While Fools should generally take the opinion of Wall Street with a grain of salt, it's not a bad idea to take a look at particularly stock-shaking analyst upgrades and downgrades -- just in case their reasoning behind the call makes sense.

What: Shares of Microsoft (MSFT 1.82%) traded sluggishly on Monday after Deutsche Bank downgraded the software behemoth from buy to hold.

So what: Along with the downgrade, analyst Karl Keirstead planted a price target of $42 on the stock, representing just 7% worth of upside to yesterday's close.

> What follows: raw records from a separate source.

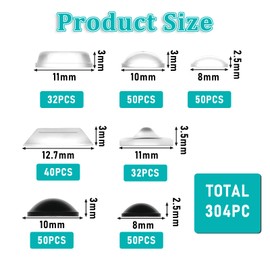 304 PCS Bump Dots for Visually Impaired, Assorted Styles Bump Dots, Adhesive Dot Braille Stickers for Blind People with Low Vision, Mixed Sizes Tactile Stickers for Elderly, Blind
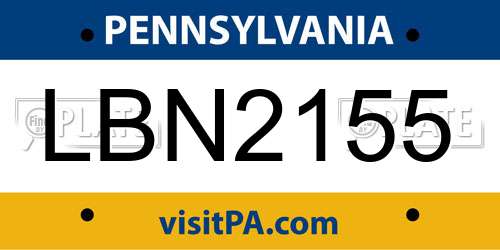LBN2155 Pennsylvania License Plate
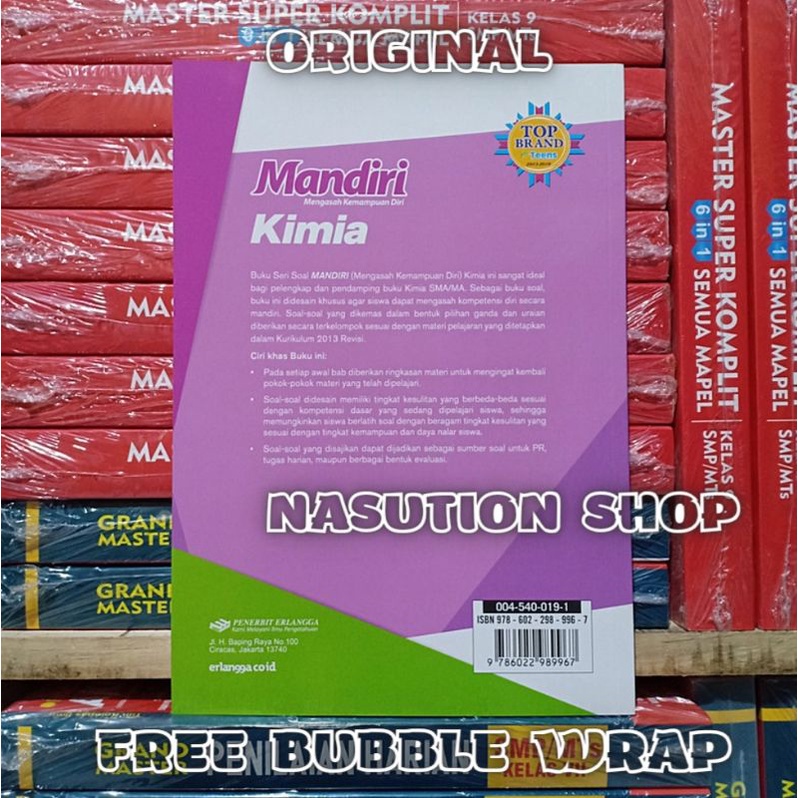 Original Buku Mandiri Kimia Kelas 1 / 10 X SMA K13 Revisi Erlangga-1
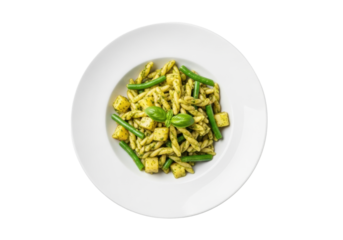 Ultra photorealistic, high-angle shot of classic Trofie al Pesto Genovese with green beans and potatoes in a white bowl on a stark white background, Italian culinary perfection concept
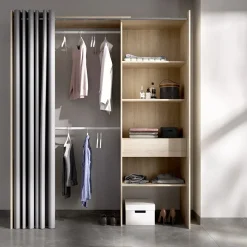 Cabina armadio 160x205h cm allungabile moderno aperto con tenda rovere noce Gover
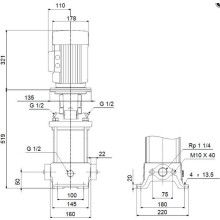 Grundfos Vertikale Kreiselpumpe CR5-8 A-A-A-E-HQQE 400V 1,1kW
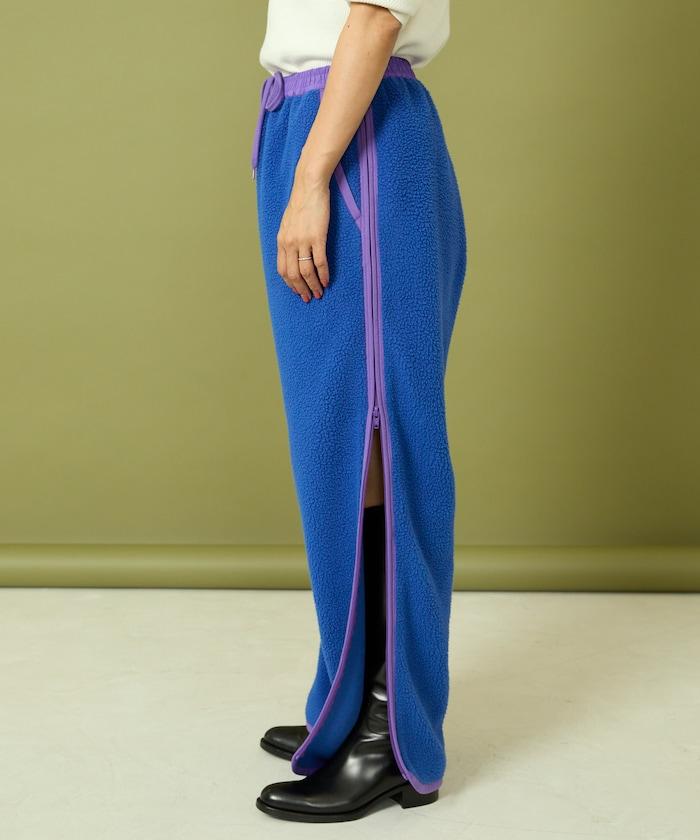 側拉鍊抓絨長褲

So while momentum traders might be attracted to Microsoft's price strength over the past year, Keirstead's call could reflect a growing sense on Wall Street that its valuation is becoming a bit stretched.

Now what: According to Deutsche, Microsoft's risk/reward trade-off is pretty balanced at this point. "At the time that we assumed coverage of MSFT shares in January 2014, our bullish call was rooted in a number of pending catalysts, including the CEO change, the likelihood of a big Xbox One print, a stabilizing PC market with better-than-expected business PC sales, share gains in enterprise software and our belief that Street sentiment toward the megacap incumbents (MSFT& ORCL) was too negative relative to the high-growth disruptors," said Keirstead. "Many of these catalysts have now played out, and the nearest-term event (closing of the NOK deal) may be a net negative." With Microsoft shares still trading at a reasonable forward P/E of 13, however, long-term shareholders might do well to take Deutsche's downgrade with a grain of salt.